_WHAT IS NEEDED_
Return verbatim the lines that run from the one holding "FRONT FIELD長居東 9階" to the end of the listing, both ends included, without the pictures.

_RECORDS SHOWN_
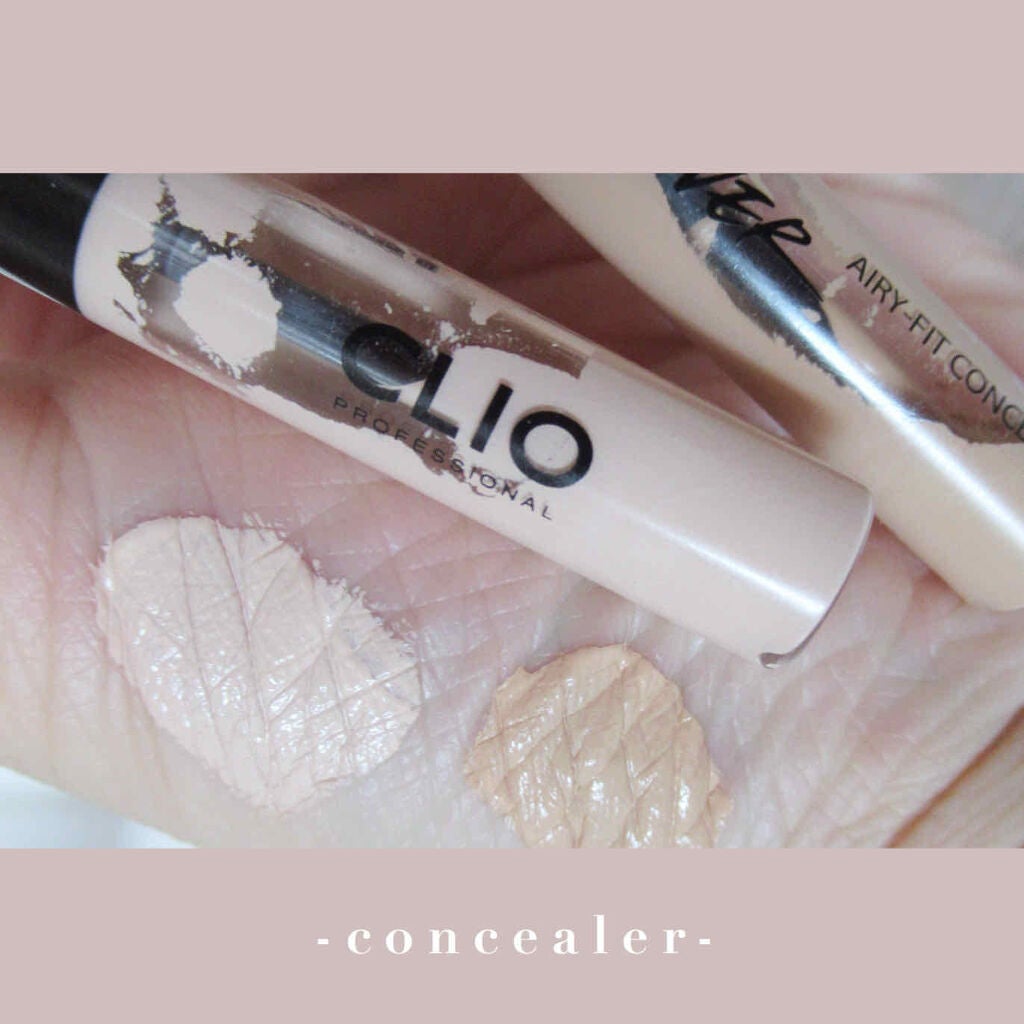 キル カバー エアリーフィット コンシーラー/CLIO/リキッドコンシーラーを使ったクチコミ(1枚目)
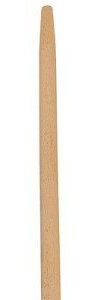 Rubbermaid Commercial Products Sanded Wood Broom Handle with Tapered Tip, 60-Inch, Natural for Floor Cleaning/Sweeping in Home/Office, Pack of 12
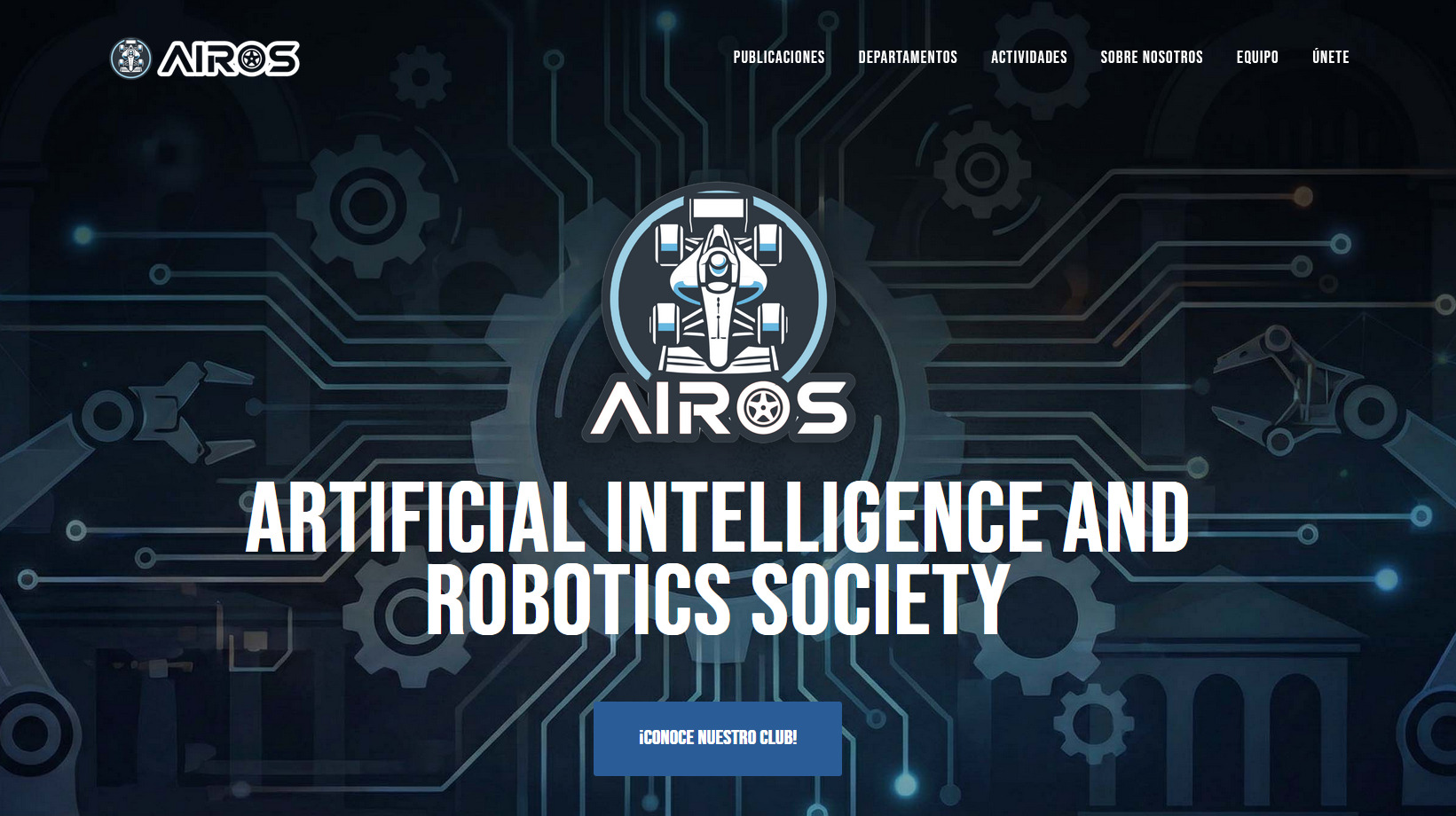 Pagina web del club AIROS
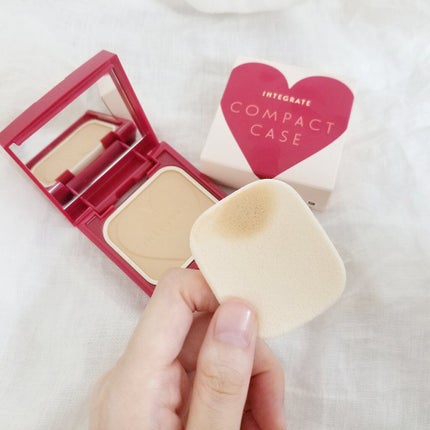 プロフィニッシュファンデーション/インテグレート/パウダーファンデーションを使ったクチコミ(2枚目)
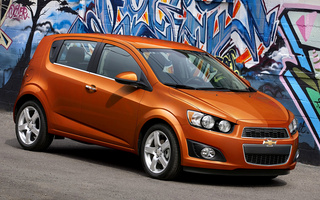 Chevrolet Sonic 5-door (2011) (#4030)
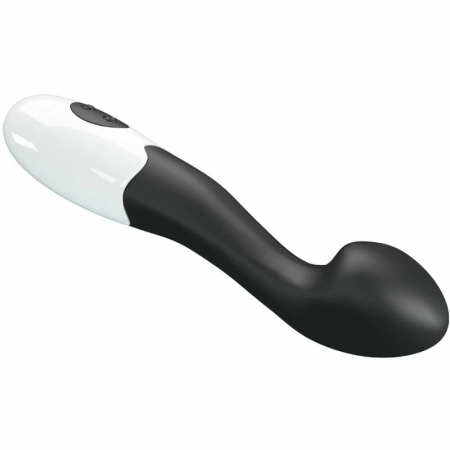 Pretty Love Charles Black Intimate Device 30 Vibration Modes Silicone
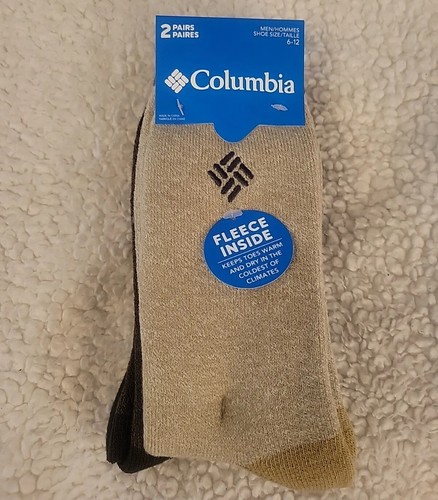 Khaki/brown Size 6-12 Fleece Lined 2 Pair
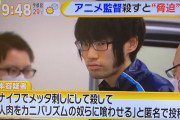 【速報】『けものフレンズ』のたつき監督に殺害予告した男が逮捕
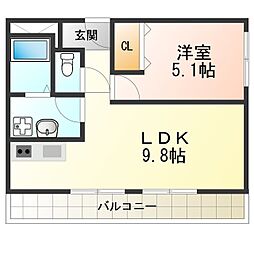 FRONT FIELD長居東 9階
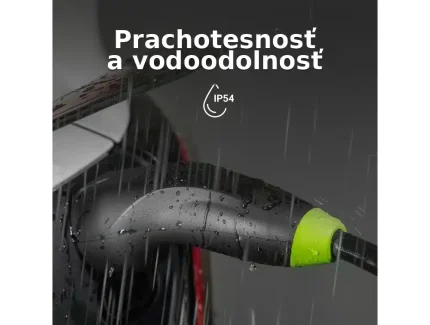 Nabíjací kábel typ 2 pre elektromobil 11kW 5m – Obrázok 7
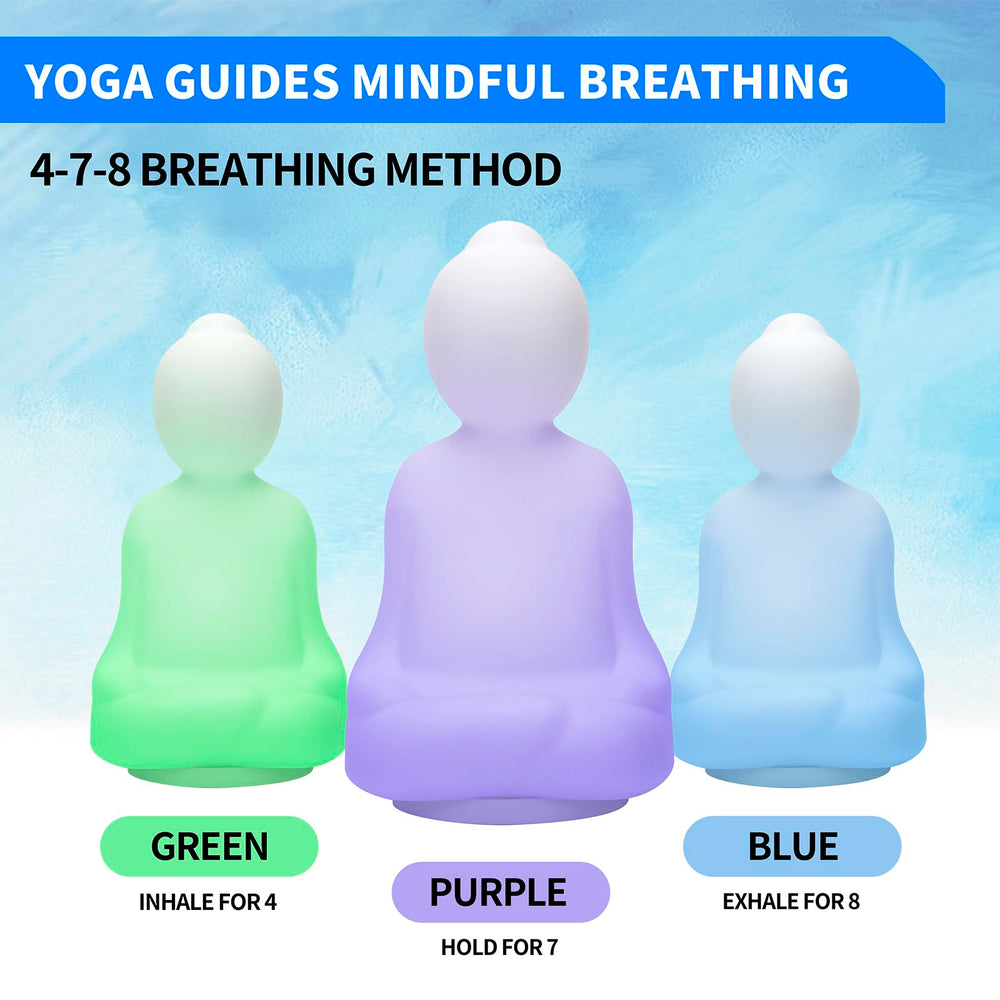SANIDIKA handheld meditation tool fits in your hand for portable relief.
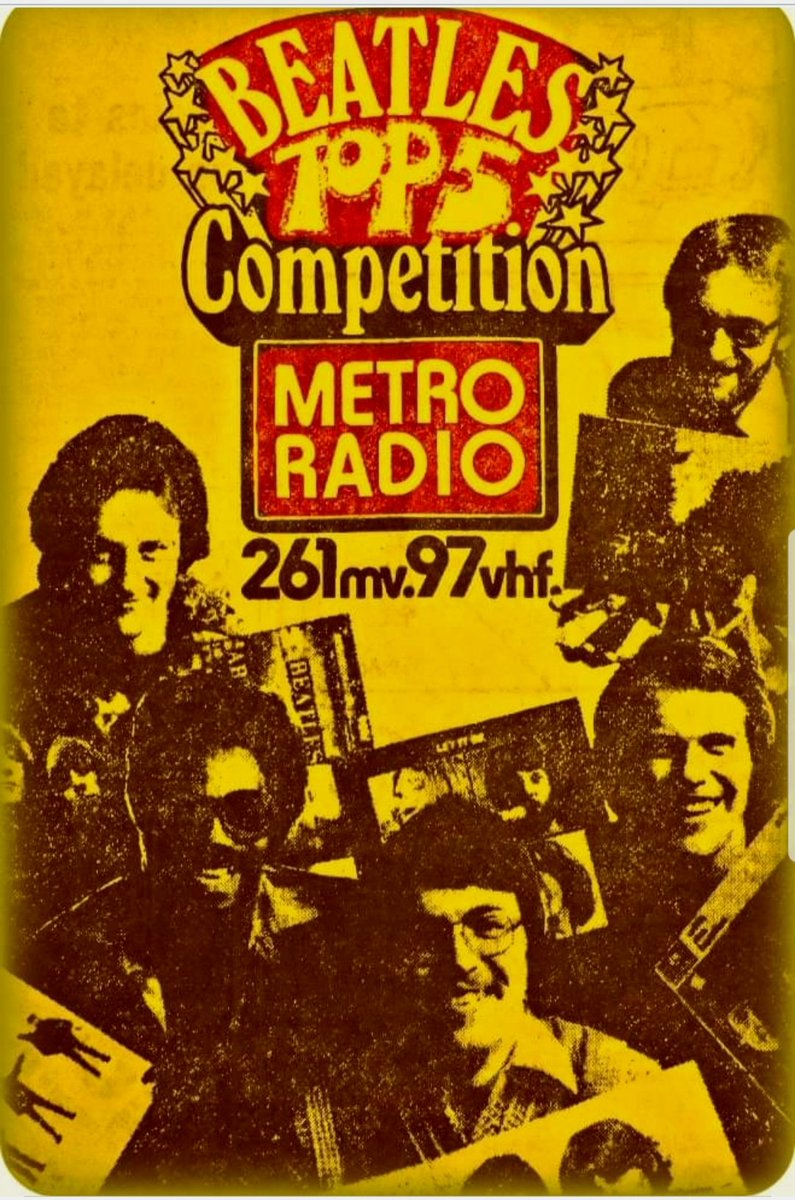 My #BoomRadio Sunday show gets closer but I know it will be impossible to mention all past colleagues so from 1974/5 the main Metro team: Don Dwyer, Giles Squire and Harry Rowell. And from nights the superb  #JamesWhale. Later there was Bill Steel, Steve King and Big Phil!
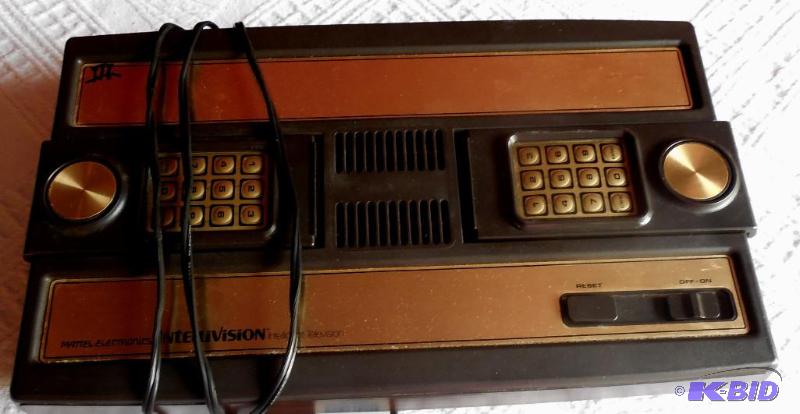 VINTAGE Mattel Intellivision 2609a Console - Tested - Works
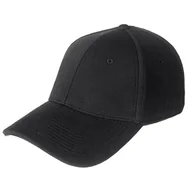 Czapki i chusty sportowe męskie - czapka bejsbolówka JERSEY ATHLEISURE BLACK - miniaturka - grafika 1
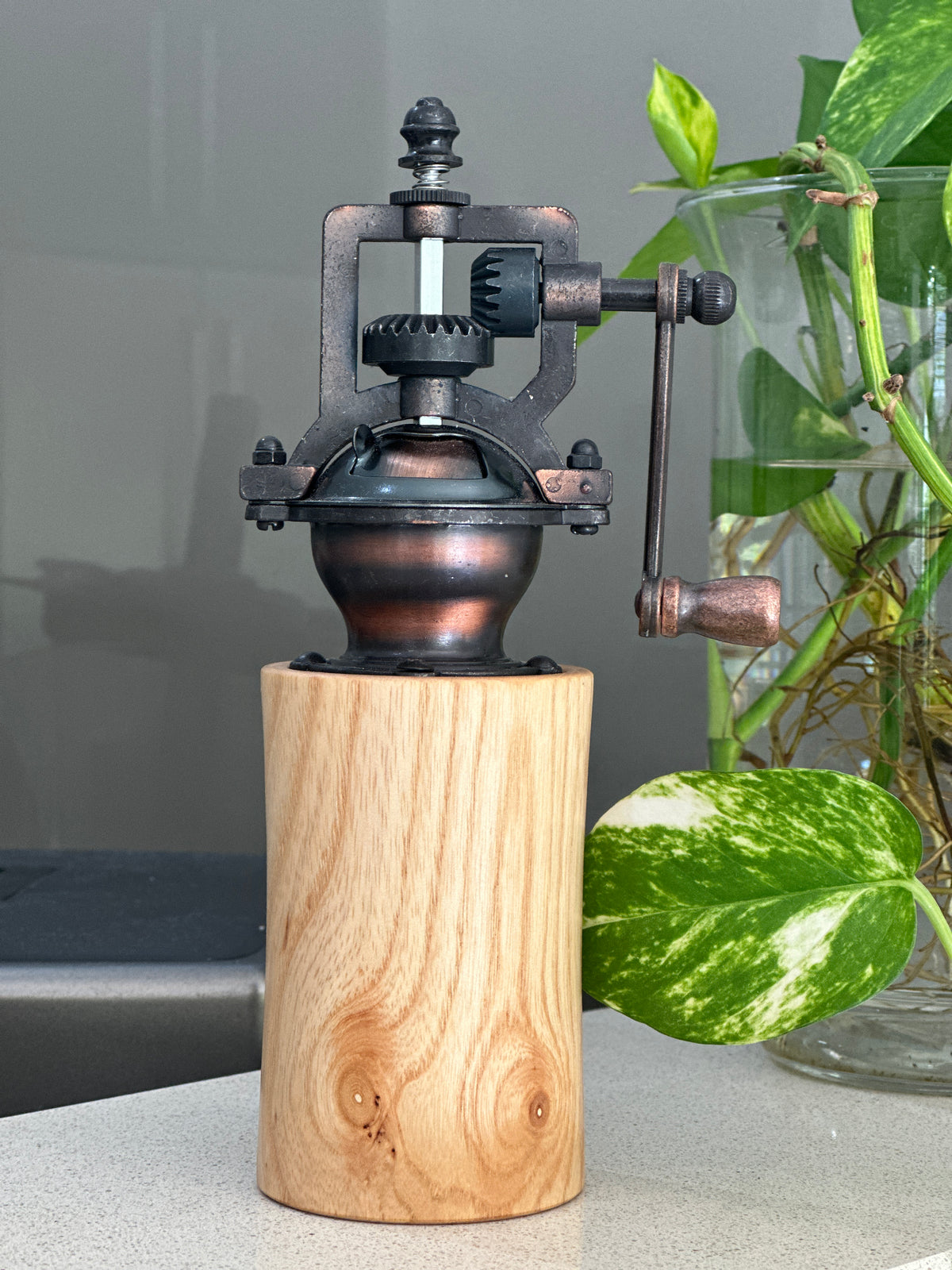 Antique Salt / Pepper Mill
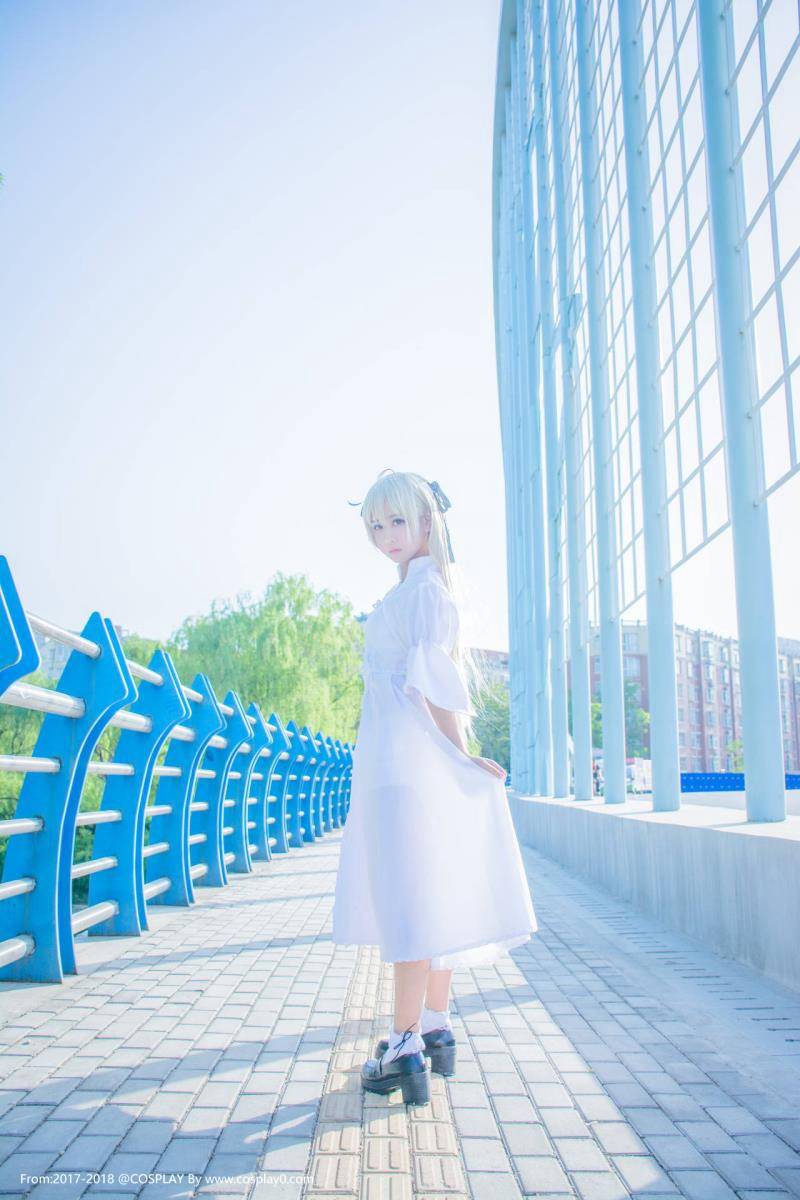 Cosplay福利/半次元萌芽儿缘之空春日野穹萝莉控Cosplay图片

_TASK RESULT_
 FRONT FIELD長居東 9階
 Nabíjací kábel typ 2 pre elektromobil 11kW 5m – Obrázok 7
SANIDIKA handheld meditation tool fits in your hand for portable relief.
 My #BoomRadio Sunday show gets closer but I know it will be impossible to mention all past colleagues so from 1974/5 the main Metro team: Don Dwyer, Giles Squire and Harry Rowell. And from nights the superb  #JamesWhale. Later there was Bill Steel, Steve King and Big Phil!
 VINTAGE Mattel Intellivision 2609a Console - Tested - Works
 Czapki i chusty sportowe męskie - czapka bejsbolówka JERSEY ATHLEISURE BLACK - miniaturka - grafika 1
 Antique Salt / Pepper Mill
 Cosplay福利/半次元萌芽儿缘之空春日野穹萝莉控Cosplay图片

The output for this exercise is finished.